Venous blood was collected into EDTA-containing tubes. Plasma total cholesterol and triglycerides were determined by a Technicon Chem 1 assay (Technicon Instruments, Tarrytown, NY), and HDL was measured in the supernatant after precipitation of apoB-containing lipoproteins with heparin–manganese chloride. The LDL concentration was calculated with the equation of Friedewald et al. (1972) as stated in Pond et al. (1997). Total plasma cholesterol includes HDL, LDL, intermediate-density lipoproteins, very low-density lipoproteins (VLDL) and chylomicrons, of which LDL constitutes the largest fraction and HDL the next largest fraction (Pond et al., 1993).

Between 2 and 3 months after birth, pigs participating in the present study were moved to the fattening and control unit where they were distributed over 10 pens (five pens at each side of a central corridor in the same barn) in groups of 8–12 animals. Approximately 2 weeks later and for 115 (replicate 1) and 118 (replicate 2) days, feed intake (FI; kg/day), intake time (TIME; min/day) and intake frequency (FREQ; visits/day) were recorded individually and daily by means of an electronic identification system (HOKOFARM, IVO-G®; Marknesse, The Netherlands). The feeding station consisted of a single-space feed hopper, a trough which was weighted continuously and an electronic identification system that was activated by ear responders as the animal entered the station. The feeding station was connected through a load cell to a computer and the trough was refilled if the amount of feed left after a visit of a pig was completed was below 10 kg. At each visit of a pig to the feeder, time and weight of the feed at the beginning and at the end of the visit were recorded automatically, together with the animal identification number. FI per visit was calculated as the difference between amounts recorded just before and after the visit, with an accuracy of 10 g. Intake rate (RATE; kg/min) was estimated for each individual by dividing FI by intake time. Intake rate is thus the amount of feed ingested per minute spent eating (Rauw et al., 2006b). On the 1st day of the feeding trial, animals were between 73 and 95 days of age.
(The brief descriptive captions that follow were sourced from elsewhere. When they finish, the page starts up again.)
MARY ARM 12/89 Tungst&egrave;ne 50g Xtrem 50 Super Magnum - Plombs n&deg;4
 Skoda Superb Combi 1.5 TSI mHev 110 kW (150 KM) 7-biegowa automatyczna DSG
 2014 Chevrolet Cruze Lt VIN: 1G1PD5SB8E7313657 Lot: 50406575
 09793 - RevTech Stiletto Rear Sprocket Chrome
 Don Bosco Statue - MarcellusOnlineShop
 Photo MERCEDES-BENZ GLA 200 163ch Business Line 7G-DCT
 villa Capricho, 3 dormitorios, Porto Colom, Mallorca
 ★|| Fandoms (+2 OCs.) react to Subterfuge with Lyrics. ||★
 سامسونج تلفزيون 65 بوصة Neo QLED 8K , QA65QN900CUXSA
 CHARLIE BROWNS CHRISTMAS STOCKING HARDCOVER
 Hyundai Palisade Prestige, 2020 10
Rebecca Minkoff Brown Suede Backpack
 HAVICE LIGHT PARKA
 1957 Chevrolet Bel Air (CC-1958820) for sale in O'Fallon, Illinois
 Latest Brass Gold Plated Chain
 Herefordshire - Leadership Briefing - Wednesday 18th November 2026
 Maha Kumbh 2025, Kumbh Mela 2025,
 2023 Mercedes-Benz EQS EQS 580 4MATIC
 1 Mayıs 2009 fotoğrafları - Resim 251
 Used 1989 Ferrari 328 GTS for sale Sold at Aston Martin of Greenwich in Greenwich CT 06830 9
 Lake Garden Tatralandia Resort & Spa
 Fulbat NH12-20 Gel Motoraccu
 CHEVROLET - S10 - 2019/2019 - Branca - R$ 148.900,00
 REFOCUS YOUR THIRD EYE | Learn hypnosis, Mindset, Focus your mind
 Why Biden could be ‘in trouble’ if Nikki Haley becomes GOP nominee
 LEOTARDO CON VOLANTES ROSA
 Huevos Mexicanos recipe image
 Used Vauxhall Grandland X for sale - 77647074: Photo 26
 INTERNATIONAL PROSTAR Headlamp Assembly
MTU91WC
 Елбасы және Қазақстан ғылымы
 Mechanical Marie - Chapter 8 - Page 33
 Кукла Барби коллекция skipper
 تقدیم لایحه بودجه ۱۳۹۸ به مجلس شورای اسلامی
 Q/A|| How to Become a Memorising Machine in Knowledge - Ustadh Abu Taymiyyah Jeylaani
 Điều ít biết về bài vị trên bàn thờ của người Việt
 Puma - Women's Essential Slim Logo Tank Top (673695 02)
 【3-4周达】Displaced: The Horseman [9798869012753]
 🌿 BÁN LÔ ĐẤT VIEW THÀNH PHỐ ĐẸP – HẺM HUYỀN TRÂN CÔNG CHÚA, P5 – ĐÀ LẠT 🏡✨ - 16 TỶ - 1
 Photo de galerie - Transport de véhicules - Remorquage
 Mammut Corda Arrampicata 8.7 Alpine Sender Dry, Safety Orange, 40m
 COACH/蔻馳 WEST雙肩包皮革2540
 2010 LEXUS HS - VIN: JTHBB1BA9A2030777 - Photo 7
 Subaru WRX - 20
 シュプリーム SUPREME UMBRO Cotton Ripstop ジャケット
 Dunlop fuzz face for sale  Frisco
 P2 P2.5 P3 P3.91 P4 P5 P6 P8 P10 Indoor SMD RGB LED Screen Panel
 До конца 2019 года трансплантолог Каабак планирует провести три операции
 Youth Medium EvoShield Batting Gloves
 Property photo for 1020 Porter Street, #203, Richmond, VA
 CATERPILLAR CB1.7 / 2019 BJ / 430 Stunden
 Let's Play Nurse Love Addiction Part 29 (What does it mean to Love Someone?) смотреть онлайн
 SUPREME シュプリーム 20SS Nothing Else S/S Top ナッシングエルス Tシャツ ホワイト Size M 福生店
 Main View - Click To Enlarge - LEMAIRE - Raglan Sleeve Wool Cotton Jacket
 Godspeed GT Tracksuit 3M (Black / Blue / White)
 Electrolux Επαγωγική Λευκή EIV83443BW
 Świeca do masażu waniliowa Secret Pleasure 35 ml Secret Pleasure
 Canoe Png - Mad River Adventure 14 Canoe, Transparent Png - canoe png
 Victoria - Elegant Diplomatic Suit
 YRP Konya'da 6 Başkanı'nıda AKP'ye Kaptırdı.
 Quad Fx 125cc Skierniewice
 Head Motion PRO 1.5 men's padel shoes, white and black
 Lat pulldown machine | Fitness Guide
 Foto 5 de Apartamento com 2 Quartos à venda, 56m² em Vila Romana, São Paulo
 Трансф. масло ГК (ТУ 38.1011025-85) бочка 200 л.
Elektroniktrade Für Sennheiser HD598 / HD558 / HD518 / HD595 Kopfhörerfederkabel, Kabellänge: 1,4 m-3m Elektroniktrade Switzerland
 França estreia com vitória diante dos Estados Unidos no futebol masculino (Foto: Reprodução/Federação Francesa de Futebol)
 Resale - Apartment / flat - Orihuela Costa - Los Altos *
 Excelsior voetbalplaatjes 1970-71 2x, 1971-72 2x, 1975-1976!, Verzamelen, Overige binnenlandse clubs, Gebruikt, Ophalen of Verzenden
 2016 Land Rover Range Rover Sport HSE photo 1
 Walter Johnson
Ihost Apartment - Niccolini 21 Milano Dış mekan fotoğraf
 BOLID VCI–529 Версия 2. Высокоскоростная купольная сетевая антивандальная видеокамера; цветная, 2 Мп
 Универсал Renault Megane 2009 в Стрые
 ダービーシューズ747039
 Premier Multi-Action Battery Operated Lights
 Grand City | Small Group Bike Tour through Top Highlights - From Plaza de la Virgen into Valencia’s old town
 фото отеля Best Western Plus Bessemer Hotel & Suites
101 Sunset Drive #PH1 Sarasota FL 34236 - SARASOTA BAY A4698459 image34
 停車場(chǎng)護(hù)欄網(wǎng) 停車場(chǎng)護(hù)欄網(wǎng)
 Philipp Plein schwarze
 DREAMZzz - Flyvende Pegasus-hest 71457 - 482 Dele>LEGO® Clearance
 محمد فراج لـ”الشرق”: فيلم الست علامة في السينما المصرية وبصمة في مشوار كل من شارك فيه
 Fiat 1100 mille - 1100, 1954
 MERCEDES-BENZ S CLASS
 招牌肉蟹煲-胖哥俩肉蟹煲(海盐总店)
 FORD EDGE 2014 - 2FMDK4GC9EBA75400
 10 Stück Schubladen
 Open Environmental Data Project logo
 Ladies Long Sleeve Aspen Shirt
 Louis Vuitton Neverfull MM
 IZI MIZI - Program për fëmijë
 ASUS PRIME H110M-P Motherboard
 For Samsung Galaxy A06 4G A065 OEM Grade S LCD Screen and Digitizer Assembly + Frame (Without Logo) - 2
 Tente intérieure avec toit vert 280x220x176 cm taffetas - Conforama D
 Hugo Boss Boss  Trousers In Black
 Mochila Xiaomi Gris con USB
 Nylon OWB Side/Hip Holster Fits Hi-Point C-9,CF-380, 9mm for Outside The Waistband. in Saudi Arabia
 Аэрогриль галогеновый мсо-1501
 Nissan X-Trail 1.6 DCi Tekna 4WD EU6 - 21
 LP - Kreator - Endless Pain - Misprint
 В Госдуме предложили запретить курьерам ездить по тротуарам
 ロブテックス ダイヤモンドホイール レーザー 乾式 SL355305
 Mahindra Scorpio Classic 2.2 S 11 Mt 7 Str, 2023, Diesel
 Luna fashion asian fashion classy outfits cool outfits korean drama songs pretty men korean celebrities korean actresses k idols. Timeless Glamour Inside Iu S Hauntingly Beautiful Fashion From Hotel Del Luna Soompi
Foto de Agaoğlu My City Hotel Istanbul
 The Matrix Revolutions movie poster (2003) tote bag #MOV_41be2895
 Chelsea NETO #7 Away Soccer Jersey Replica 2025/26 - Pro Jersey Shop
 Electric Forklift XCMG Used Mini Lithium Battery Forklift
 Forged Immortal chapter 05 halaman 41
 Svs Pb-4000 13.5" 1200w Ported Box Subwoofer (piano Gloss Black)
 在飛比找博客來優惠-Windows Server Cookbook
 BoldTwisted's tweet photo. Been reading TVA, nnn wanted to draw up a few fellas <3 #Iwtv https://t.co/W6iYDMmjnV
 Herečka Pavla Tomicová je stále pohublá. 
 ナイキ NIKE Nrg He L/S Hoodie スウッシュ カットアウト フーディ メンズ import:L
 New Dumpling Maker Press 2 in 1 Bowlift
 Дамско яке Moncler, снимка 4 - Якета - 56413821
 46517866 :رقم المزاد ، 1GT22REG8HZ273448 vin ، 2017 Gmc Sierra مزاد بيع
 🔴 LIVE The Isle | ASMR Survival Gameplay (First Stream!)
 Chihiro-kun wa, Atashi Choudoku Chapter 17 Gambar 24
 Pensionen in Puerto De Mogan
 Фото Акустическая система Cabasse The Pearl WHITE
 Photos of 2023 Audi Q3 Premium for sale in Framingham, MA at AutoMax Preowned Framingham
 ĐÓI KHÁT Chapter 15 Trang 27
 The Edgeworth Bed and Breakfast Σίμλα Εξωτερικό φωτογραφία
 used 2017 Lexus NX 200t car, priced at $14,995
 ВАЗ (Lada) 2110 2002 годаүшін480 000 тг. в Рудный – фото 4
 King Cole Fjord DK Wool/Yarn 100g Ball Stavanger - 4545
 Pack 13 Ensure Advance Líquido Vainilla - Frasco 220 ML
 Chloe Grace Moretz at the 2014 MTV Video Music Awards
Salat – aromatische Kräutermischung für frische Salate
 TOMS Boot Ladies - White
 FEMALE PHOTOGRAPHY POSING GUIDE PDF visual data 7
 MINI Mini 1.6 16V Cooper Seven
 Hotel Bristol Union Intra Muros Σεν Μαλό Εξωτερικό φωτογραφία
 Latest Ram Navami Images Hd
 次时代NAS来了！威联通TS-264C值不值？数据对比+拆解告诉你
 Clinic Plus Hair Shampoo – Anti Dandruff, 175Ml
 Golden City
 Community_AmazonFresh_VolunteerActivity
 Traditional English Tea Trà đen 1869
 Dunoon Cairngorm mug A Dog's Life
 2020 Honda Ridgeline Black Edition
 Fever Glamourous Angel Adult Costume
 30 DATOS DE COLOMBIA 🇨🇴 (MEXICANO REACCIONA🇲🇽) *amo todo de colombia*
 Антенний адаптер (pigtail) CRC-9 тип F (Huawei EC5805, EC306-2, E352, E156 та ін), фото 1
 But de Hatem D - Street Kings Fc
Because of electricity failures, 24 recordings were missing in replicate 1, and 16 in replicate 2, spread out over the trial period. Missing values were estimated according to Rauw et al. (2006a). For the present study, FI traits were considered for the period between 170 and 175 days of age (FI170–175, TIME170–175, FREQ170–175 and RATE170–175). This period was closest to the second age at which cholesterol and triglyceride levels were measured; data were available for 179 of the 202 barrows. Choosing a period at later ages would have decreased the number of animals considerably.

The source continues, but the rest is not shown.